This one for web-tech aficionados only.
Those of you who watch your webserver logs, go do a fgrep msnbot
access_log (MSNbot got to ongoing today).
Unlike any robot I’ve seen or heard of, MSNbot tells you the
referer, so you can actually watch the trails it takes
into and through
your online presence.
Neato. Ordinary people who are well-integrated with the real world can
safely ignore this fascinating discovery and be fairly sure it will not
impair their quality-of-life.
Move along, now; nothing to watch here.
(Update: I’m baffled, this makes no sense.)
Baffled ·
I’ve written two large-scale many-millions-of-pages Web robots, so I
have some experience in this space.
And this referer behavior has me shaking my head.
Every robot I’ve written ar known about has more or less the same basic
algorithm; you keep a big pool of URIs to work on, and you have a zillion
parallel threads, each doing:
while(true)
{
URI uri = pool.getUriThatNeedsCrawling();
Page page = uri.fetch();
page.addContentToIndex();
URI link;
while (link = page.nextUriInPage())
pool.addUri(link);
}
Because, of course, the same URI is going to show up in lots of different
pages, so the notion that there is one referer is just wrong.

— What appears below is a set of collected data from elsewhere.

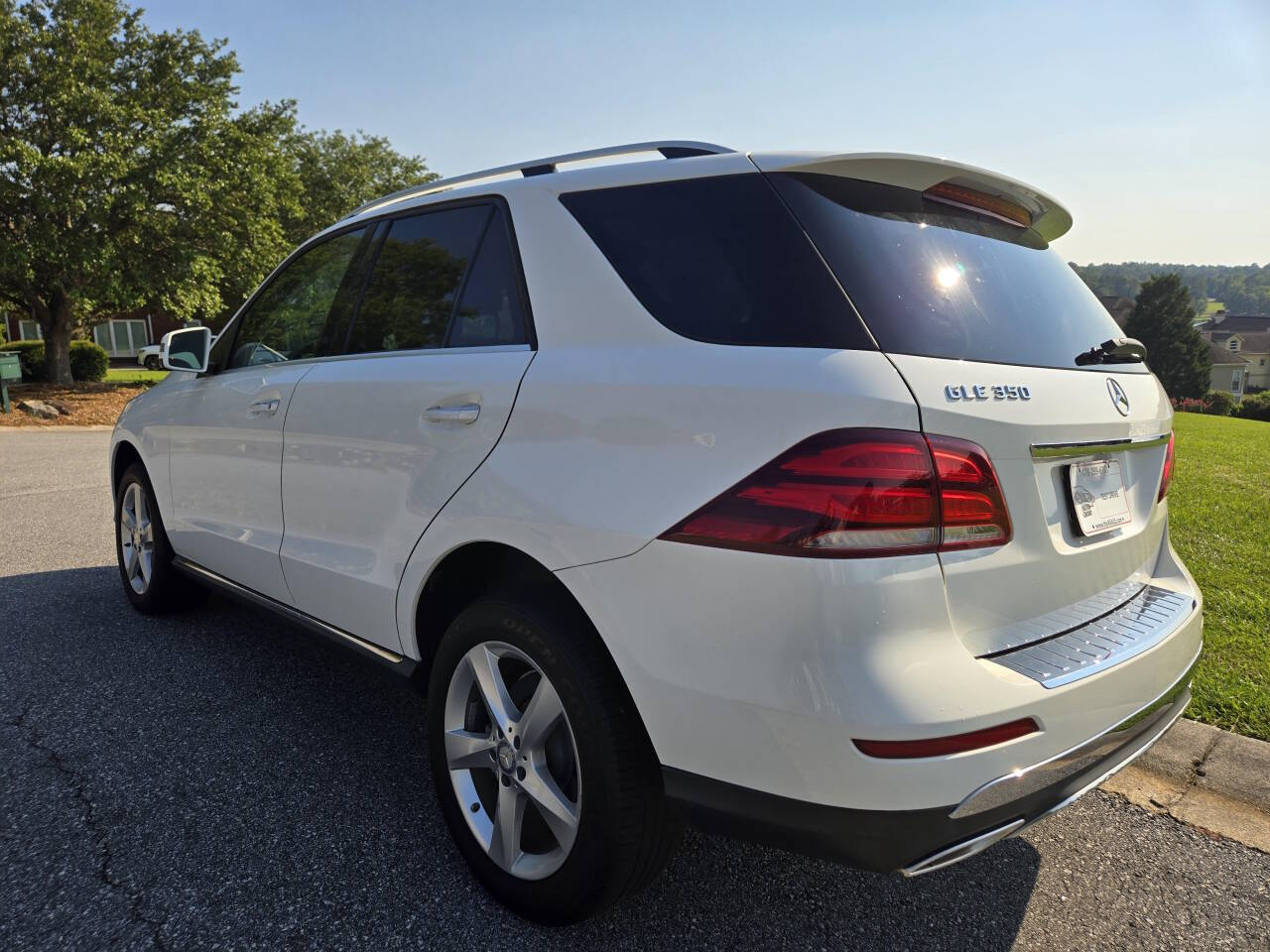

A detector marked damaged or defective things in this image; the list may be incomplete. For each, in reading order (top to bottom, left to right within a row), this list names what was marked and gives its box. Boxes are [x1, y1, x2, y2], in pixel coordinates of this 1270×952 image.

crack in asphalt [3, 705, 171, 949]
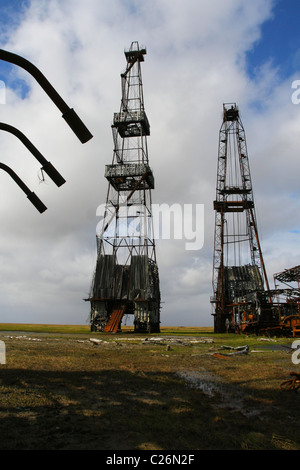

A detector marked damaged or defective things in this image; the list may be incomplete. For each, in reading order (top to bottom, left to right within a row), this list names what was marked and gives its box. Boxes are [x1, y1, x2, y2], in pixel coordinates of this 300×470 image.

rusty drilling rig [87, 42, 159, 332]
corroded steel structure [88, 42, 161, 332]
corroded steel structure [211, 102, 272, 332]
rusty drilling rig [211, 103, 300, 338]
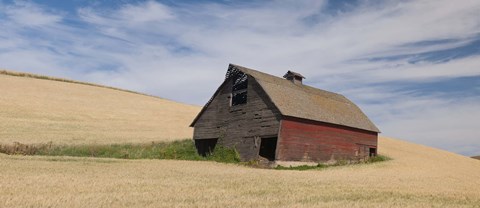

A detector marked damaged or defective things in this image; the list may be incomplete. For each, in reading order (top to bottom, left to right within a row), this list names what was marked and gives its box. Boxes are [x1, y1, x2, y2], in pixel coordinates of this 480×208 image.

broken window [232, 72, 249, 105]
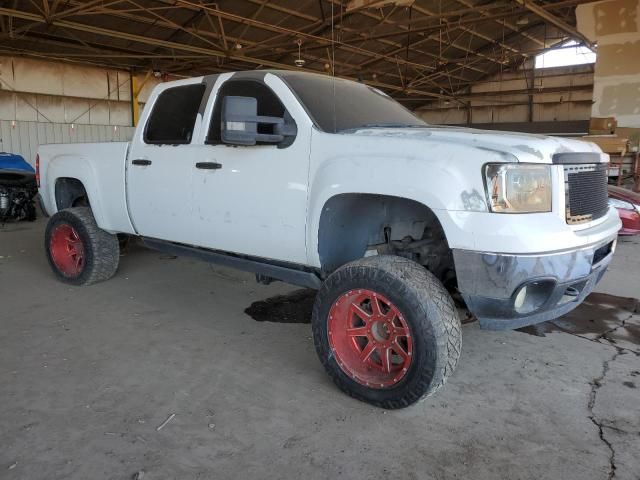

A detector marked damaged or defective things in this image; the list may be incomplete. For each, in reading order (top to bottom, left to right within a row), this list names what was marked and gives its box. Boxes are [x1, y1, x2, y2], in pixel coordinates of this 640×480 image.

floor crack [588, 348, 624, 480]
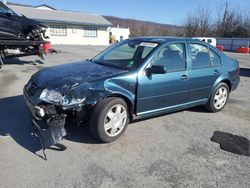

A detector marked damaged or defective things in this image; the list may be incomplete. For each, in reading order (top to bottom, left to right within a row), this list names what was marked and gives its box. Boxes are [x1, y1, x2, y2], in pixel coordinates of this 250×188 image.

damaged front bumper [23, 90, 67, 156]
broken headlight [39, 88, 63, 104]
crumpled hood [32, 61, 127, 89]
damaged green sedan [23, 36, 240, 143]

Side-trip: One of the real interesting design choices in designing a robot
is what getUriThatNeedsCrawling() does.
In my most recent robot, I had each thread work on a single site, asking for
its pages one by one; other designs give each thread a new random page to
fetch, usually not from the same site.
You can get a heated discussion going among any group of robot designers by
raising this issue (by the way, I’m right). But I digress.
But I have no idea what MSNbot is doing; maybe they’ve got a radical new crawler architecture. That would be surprising.